Start of Block
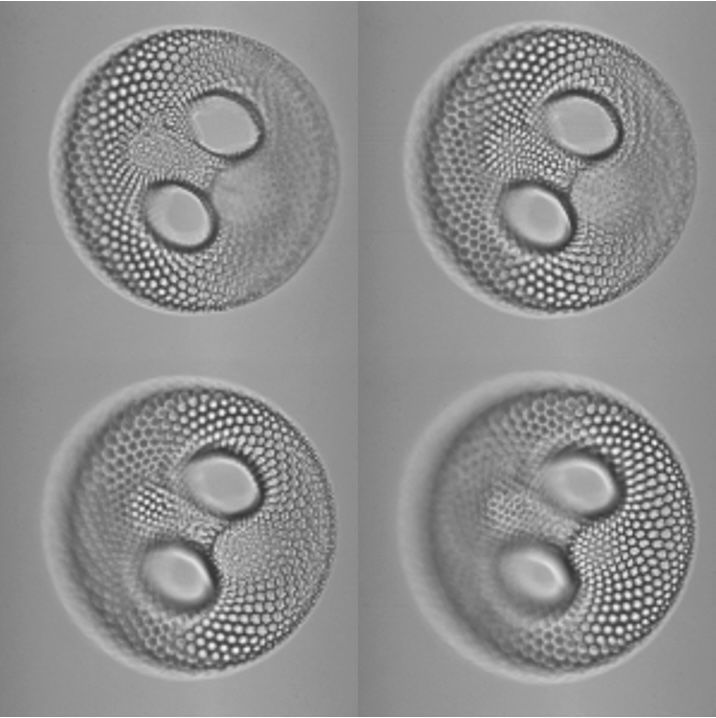 A 2D Wigner Distribution-Based Multisize Windows Technique for Image Fusion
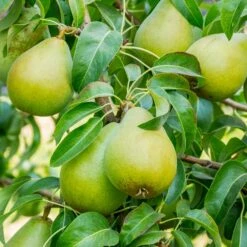 3-in-1 Pear Surprise Tree 7 3-in-1 Pear Surprise Tree -Fast Growing Trees Shop Bartlett Pear 3 BB cffe79ad 8c4e 4fb5 b06a af3499a19721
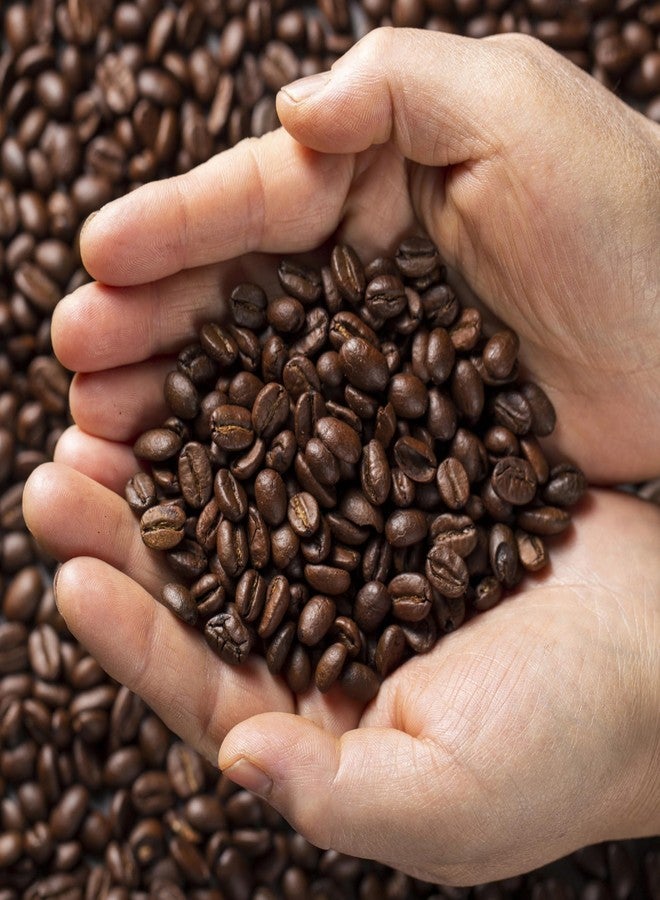 THE BEAN CO مزيج أرابيكا من ذا بين كو روستر | تحميص داكن | قهوة فاخرة | 100% أرابيكا | قهوة محمصة مطحونة (مكبس فرنسي، 250 غرام) - Image 3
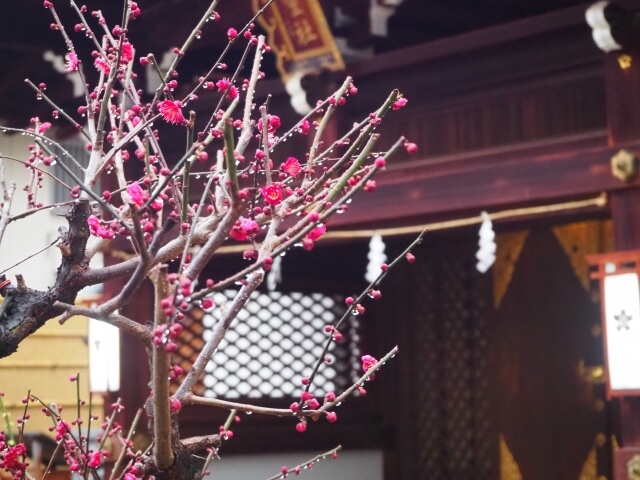 日本自由行|到大阪賞花去!公開2024年的關西私房賞梅景點!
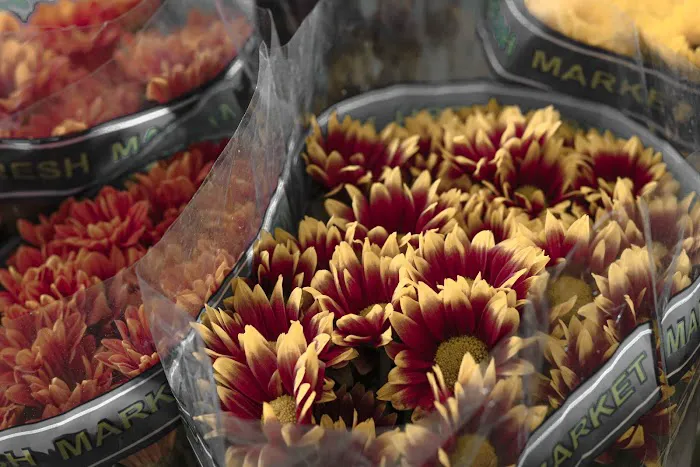 Keits Flower Shop of Bay City 6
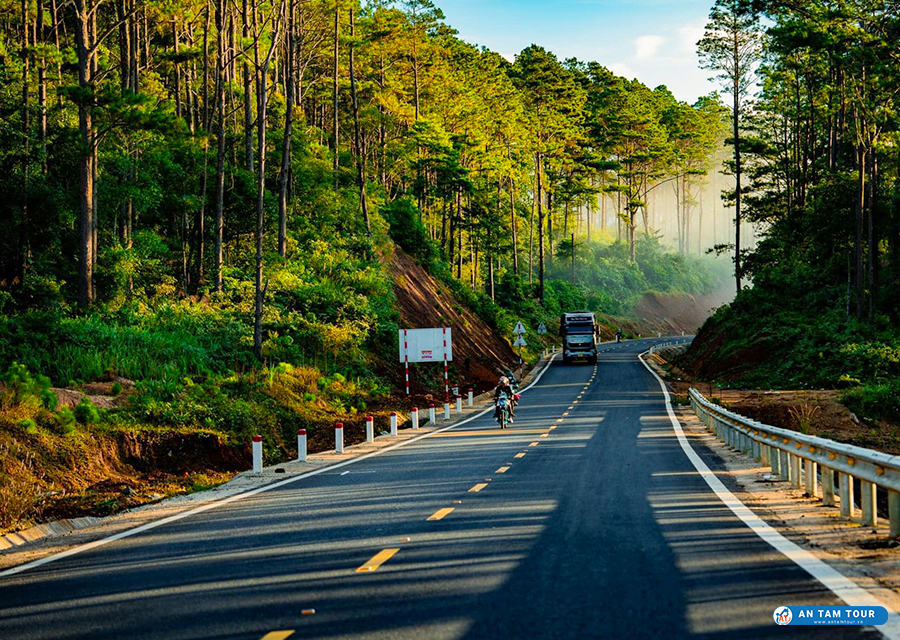 Rừng thông Măng Đen Kon Tum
End of Block
* _Requirement_:
The expected output is every line from the line where "Keits Flower Shop of Bay City 6" appears to the final line of the material, unchanged and with no pictures.

* _Task solution_:
 Keits Flower Shop of Bay City 6
 Rừng thông Măng Đen Kon Tum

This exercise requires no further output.